Pour ces raisons, les objections et les jurisprudences visées par I J devront être écartées.
4.4 La communication par I J de ses listes de prix bruts, du niveau de ses marges et de ses coûts pratiqués en France et cela entre janvier 1997 et 2013
Les objections soulevées par I J dans ses conclusions et relatives au fait qu’elle ne disposerait pas de toutes les pièces de la procédure ou que certaines seraient couvertes par le secret des affaires conduisent la société EIFFAGE Infrastructures à formuler une nouvelle demande de pièces.

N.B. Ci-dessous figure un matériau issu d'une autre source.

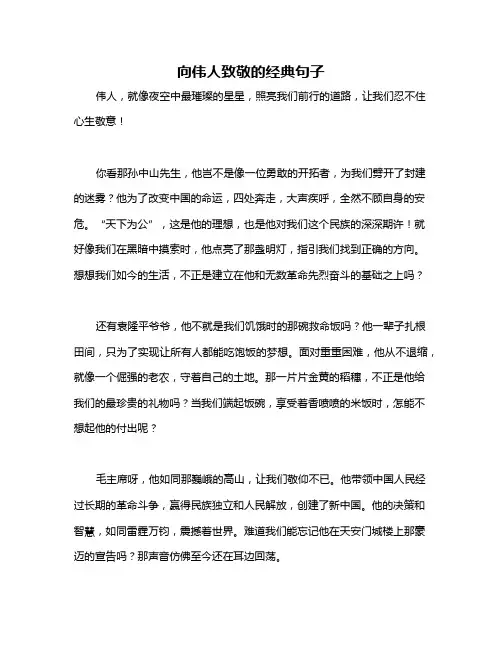 向伟人致敬的经典句子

Pour qu’EIFFAGE Infrastructures puisse être en mesure d’élaborer un scénario contrefactuel, elle doit disposer, tout d’abord, de toutes les listes initiales de prix bruts élaborés par I J de 1997 à 2011 et qui devaient s’appliquer au territoire français.

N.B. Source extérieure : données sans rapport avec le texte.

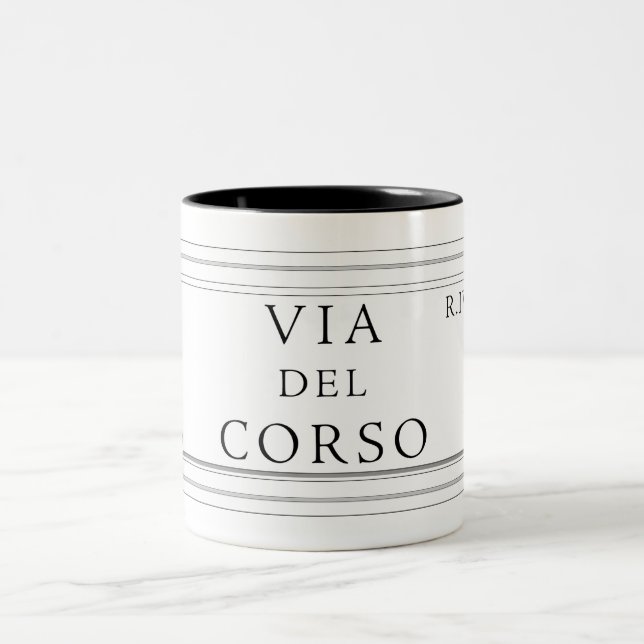 Via del Corso, Rome Street Sign Two-Tone Coffee Mug (Center)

Bien évidemment, ces prix bruts doivent être ceux qui ont été élaborés par I J et qui ont été communiqués aux autres industriels en vue de définir l’augmentation des prix.
Ensuite, pour être en mesure de parfaitement évaluer le surcoût anticoncurrentiel, il convient de pouvoir comparer ces données avec la liste des prix bruts pratiqués par I J après que l’entente ait été découverte et cela au moins, pour les années 2012 et 2013. Ces données permettront de recourir à la méthode économique dite pendant après pour déterminer le surcoût.
Par essence, I J dispose nécessairement de toutes ces listes puisque ce sont les siennes. Ensuite, l’objection selon laquelle, ces prix pourraient être couverts par le secret des affaires au motif qu’ils seraient de nature à révéler la stratégie commerciale de I J devra être rejetée pour plusieurs raisons.
La première est que cette communication ne portera pas atteinte au secret des affaires. Tout d’abord, EIFFAGE Infrastructures ne tirera aucun profit commercial ou stratégique particulier de la détention des listes de prix bruts dont l’ancienneté est comprise entre cinq et vingt ans.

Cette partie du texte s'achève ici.